Brasil nunca perdeu para a Escócia
O retrospecto entre as duas seleções mostra uma certa superioridade da equipe verde e amarela. Em dez partidas disputadas ao longo da história, o Brasil soma oito vitórias e dois empates, com 16 gols marcados e apenas três sofridos.

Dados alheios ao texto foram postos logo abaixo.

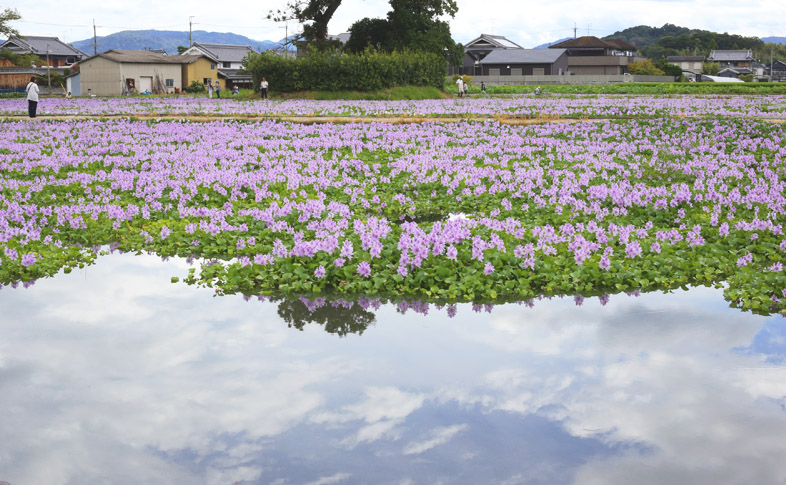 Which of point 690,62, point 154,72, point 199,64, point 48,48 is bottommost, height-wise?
point 154,72

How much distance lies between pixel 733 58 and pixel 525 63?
7683 centimetres

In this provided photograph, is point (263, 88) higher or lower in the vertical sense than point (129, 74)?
lower

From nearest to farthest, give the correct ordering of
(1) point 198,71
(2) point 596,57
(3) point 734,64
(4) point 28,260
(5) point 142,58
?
1. (4) point 28,260
2. (5) point 142,58
3. (1) point 198,71
4. (2) point 596,57
5. (3) point 734,64

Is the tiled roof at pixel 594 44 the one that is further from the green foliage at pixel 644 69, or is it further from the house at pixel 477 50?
the house at pixel 477 50

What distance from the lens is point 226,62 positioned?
108 m

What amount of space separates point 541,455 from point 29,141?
73.5 feet

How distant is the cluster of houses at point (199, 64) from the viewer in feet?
271

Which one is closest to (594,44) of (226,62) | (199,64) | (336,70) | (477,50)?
(477,50)

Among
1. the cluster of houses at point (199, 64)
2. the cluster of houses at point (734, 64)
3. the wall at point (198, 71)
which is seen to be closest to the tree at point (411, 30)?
the cluster of houses at point (199, 64)

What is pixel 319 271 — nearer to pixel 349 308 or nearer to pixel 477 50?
pixel 349 308

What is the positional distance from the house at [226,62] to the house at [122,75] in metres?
12.1

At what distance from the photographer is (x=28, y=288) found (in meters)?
9.06

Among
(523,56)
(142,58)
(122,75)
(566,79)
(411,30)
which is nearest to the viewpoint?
(411,30)

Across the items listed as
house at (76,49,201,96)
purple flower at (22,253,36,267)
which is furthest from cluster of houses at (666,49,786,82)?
purple flower at (22,253,36,267) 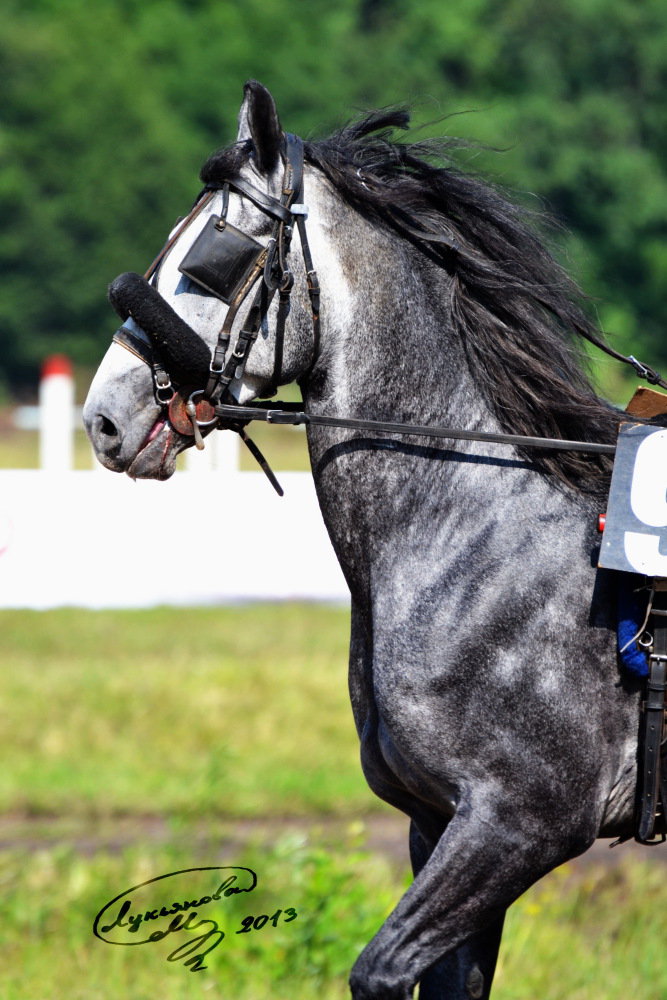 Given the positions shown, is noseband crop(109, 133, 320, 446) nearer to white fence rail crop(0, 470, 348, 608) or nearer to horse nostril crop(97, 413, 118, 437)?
horse nostril crop(97, 413, 118, 437)

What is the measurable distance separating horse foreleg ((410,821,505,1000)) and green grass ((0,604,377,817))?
1761 millimetres

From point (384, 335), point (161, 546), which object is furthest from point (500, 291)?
point (161, 546)

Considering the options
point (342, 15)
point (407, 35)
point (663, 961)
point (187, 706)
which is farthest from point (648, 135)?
point (663, 961)

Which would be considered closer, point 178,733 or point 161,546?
point 178,733

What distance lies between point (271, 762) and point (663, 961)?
9.02 ft

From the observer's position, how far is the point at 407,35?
42000 mm

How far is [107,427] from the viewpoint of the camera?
306 cm

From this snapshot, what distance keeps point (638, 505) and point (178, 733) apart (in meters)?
4.25

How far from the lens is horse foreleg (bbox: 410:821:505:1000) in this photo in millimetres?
3326

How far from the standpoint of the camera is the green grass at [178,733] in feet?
20.1

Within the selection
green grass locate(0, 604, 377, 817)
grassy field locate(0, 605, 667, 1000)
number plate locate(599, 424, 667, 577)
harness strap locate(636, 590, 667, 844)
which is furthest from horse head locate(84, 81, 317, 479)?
green grass locate(0, 604, 377, 817)

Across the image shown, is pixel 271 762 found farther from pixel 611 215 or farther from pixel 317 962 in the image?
pixel 611 215

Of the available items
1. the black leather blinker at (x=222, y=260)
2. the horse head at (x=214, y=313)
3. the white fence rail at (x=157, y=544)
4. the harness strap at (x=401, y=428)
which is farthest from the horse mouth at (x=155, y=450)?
the white fence rail at (x=157, y=544) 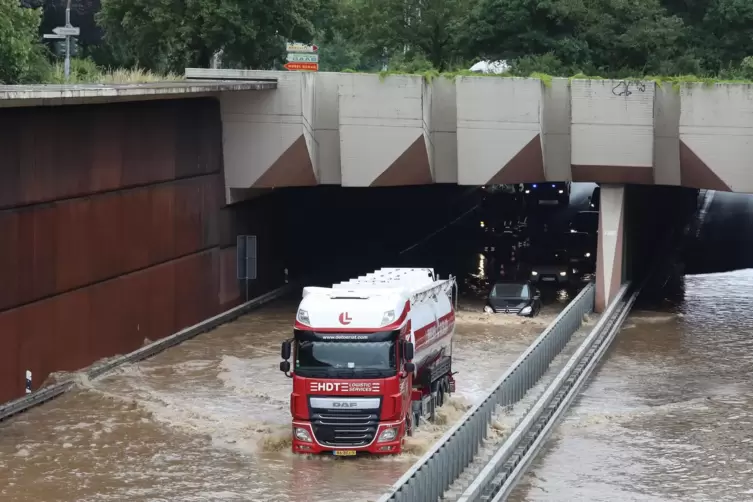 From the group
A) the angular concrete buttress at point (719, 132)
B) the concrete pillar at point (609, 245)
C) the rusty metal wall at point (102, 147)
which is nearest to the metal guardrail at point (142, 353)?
the rusty metal wall at point (102, 147)

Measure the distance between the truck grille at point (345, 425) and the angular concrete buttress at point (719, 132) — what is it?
874 inches

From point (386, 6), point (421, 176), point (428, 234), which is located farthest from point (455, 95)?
point (386, 6)

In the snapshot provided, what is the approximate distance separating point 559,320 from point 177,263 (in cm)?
1232

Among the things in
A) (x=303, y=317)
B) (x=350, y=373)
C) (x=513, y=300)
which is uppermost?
(x=303, y=317)

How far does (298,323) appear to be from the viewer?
23.5 m

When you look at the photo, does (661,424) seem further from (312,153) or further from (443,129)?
(312,153)

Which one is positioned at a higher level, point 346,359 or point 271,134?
point 271,134

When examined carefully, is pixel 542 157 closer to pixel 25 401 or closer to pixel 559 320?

Adversário há 60 anos, os escoceses nunca derrotaram a Seleção Brasileira no futebol masculino, reforçando o favoritismo brasileiro para o duelo desta quarta. Segundo projeções divulgadas por plataformas especializadas em estatísticas esportivas, o Brasil chega à partida com cerca de 74% de chances de vitória.
Histórico de duelos
Brasil e Escócia já se encontraram quatro vezes em Copas do Mundo, sempre pela fase de grupos. O retrospecto também favorece a Seleção Brasileira, que acumula três vitórias e um empate.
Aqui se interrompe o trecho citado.